Screw this. Marie turned the zombie toward the bench and shoved him hard on the back. “How dare you try to touch me, pervert!”

A couple passing by looked at the stumbling man in disgust and flashed Marie a quick thumbs up. They continued without a second thought to the recently dead man eyeing them from the darkness. The trombonist had been joined by a few other band members, and together they started to play.

Satisfied that the zombie was out of the public eye, she set off with her heart racing. “Guess it’s your turn,” she whispered and pulled out a jar of spiders from her robes. Despite her fear of the wretched creatures, they were discreet when they needed to be. The walls of the French Quarter were thin, and no one would hesitate to call the cops on another crazy trying to break into the Voodoo Museum.

Carefully, she unscrewed the lid on the jar, making sure to keep her hand firmly pressed against the top. She cringed as she brought her lips close to the edge and began to whisper. “Scuttle under the door, find a key, but don’t touch anything.” Despite wanting to break in, Marie still held a great respect for the craft.

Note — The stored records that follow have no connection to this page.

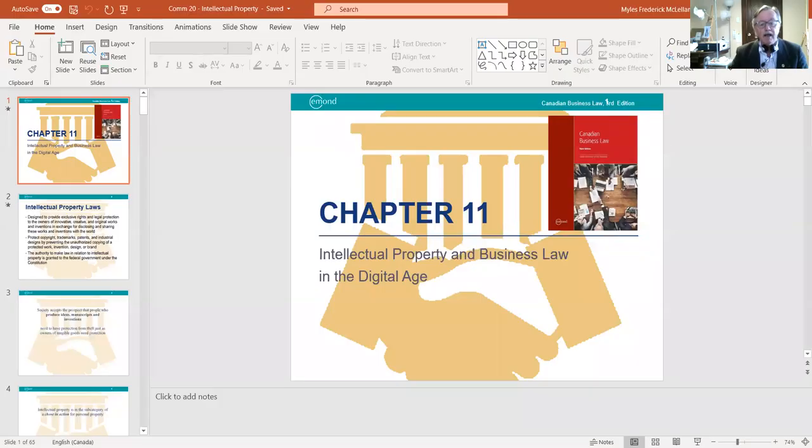Good afternoon everyone. This is our last lecture of the semester. Today we're dealing with the law of intellectual property within the business context. On Wednesday you will have your last test with respect to chapter 11 on intellectual property, and then the only thing left is going to be your final exam. At the end of today's lecture I'll give you more details on that, along with how I'll be finalizing all your individual grades for participation and the tests we've had for each chapter.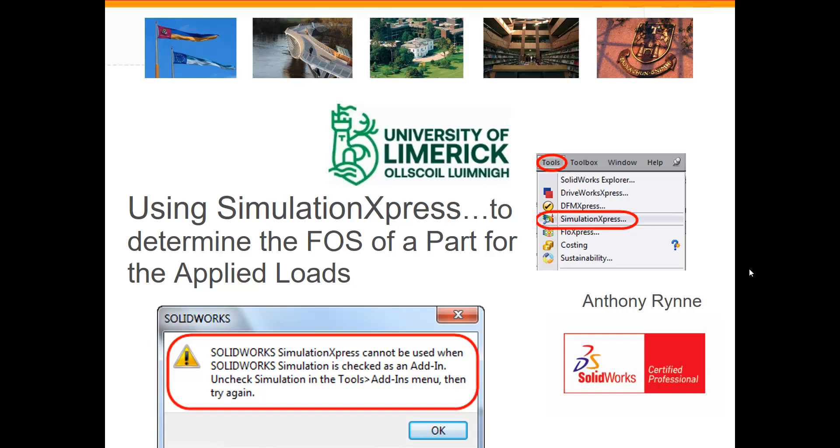In this tutorial we look at Simulation Express, which is a tool in SOLIDWORKS that can be used to determine the factor of safety of a part for applied loads. Simulation Express is available in the tools pull-down menu but it won't work if the full SOLIDWORKS simulation is added in. If you have SOLIDWORKS simulation added in, you'll need to untick it in the add-in so that you can then use Simulation Express.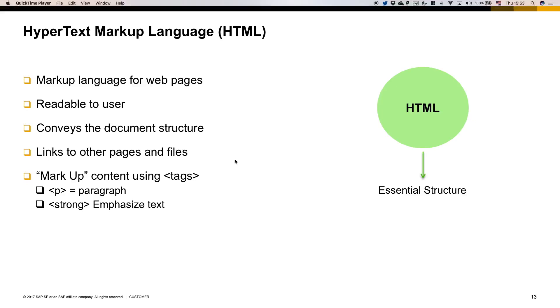The markup in the name stands for how it works using marks or HTML tags to set each element in an HTML document. For example, we use the tag p to specify that the content between those tags is a paragraph, or strong to emphasize, and other tags like table, button, h1 for header and so on.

In fact, had she not been kicked out for trying to study the darker arts, her path might have led her to a practitioner’s position. Revenge was a fickle beast.

Pretending to stumble slightly, Marie dropped the glass onto the cracked concrete. The shattering sound would garner no notice from the neighbors. People only called the cops for break-ins or assaults, everything else was thought to just be the remnants of Bourbon street. From the remains of the jar, four jet black spiders smoldered into existence and scrambled toward the Voodoo Museum.

After the last had slipped through the door, Marie moved aside and waited under the flickering light of a gas lantern. There was an audible click, and the door swung open. “Return to me,” whispered Marie to the spiders. The four creatures skittered from the darkness and into the street. “Damnit, return to me.” She reached her hand out and muttered a brief incantation.

The largest spider gazed at her with its beady eyes for a moment as if considering the proposition, and then scuttled away with an angry chitter. The others were quick to follow, heading toward the moaning corpse of the zombie in the opposite gutter.

Marie sighed. The spiders had taken her months to acquire and hours of pouring through dusty old books. Replacing them would be no easy feat. Brushing her hair aside, she stepped through the now open door and into the gloom of the museum.